Mastering Spark Notebooks and Capacity Optimization in Microsoft Fabric

Regular 50 minute session for SQLBits 2026

TL; DR

Learn how to get the most out of Spark Notebooks in Fabric by optimizing execution, cluster behavior, concurrency, and capacity usage. Practical patterns, real insights, and performance tips included.

Session Details

Running Spark notebooks in Microsoft Fabric opens up powerful possibilities—but also introduces a compute model that can feel unfamiliar, especially to those coming from a traditional SQL Server or data warehouse background.

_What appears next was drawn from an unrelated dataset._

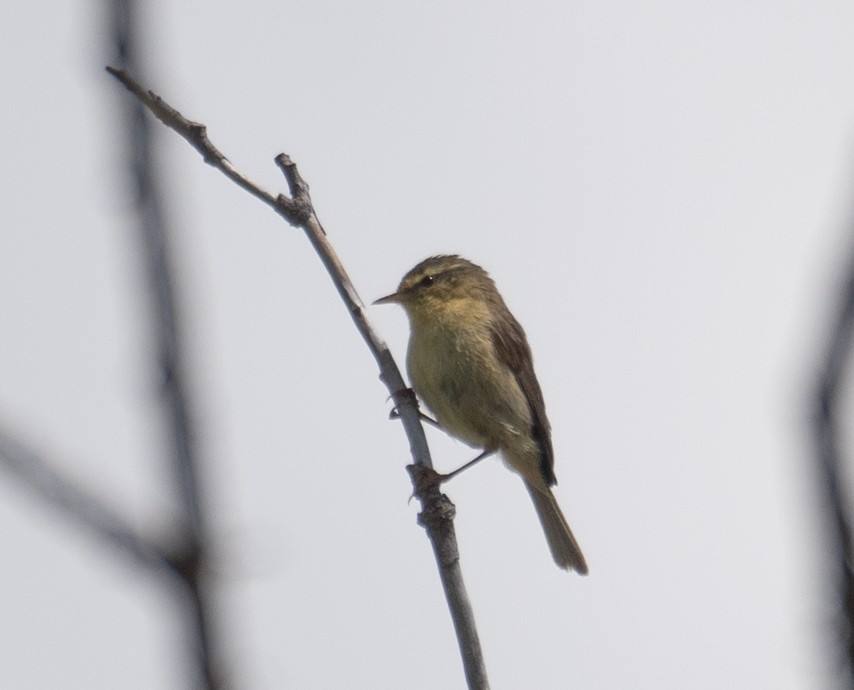 Buff-throated Warbler - ML642897444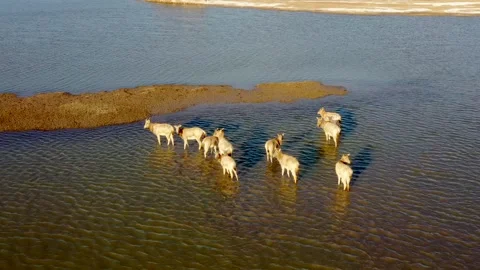 David's deer in the lake Stock Footage 297363614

Every notebook gets its own dedicated compute session, and while this provides strong isolation, it can quickly lead to unexpected capacity consumption and limits if not managed thoughtfully.

This session offers a deep dive into how Spark compute works under the hood in Fabric, with a focus on how to run more efficiently without wasting Capacity Units. We’ll explore the impact of autoscaling Spark pools, how bursting works in practice, and the introduction of the new Autoscale Billing model that charges based on actual vCore usage per second, rather than maximum allocation. You’ll learn how to take control of your workloads through techniques like using small or single-node Spark pools, orchestrating notebooks with runMultiple(), and sharing sessions through High Concurrency Mode—both interactively and within Pipelines.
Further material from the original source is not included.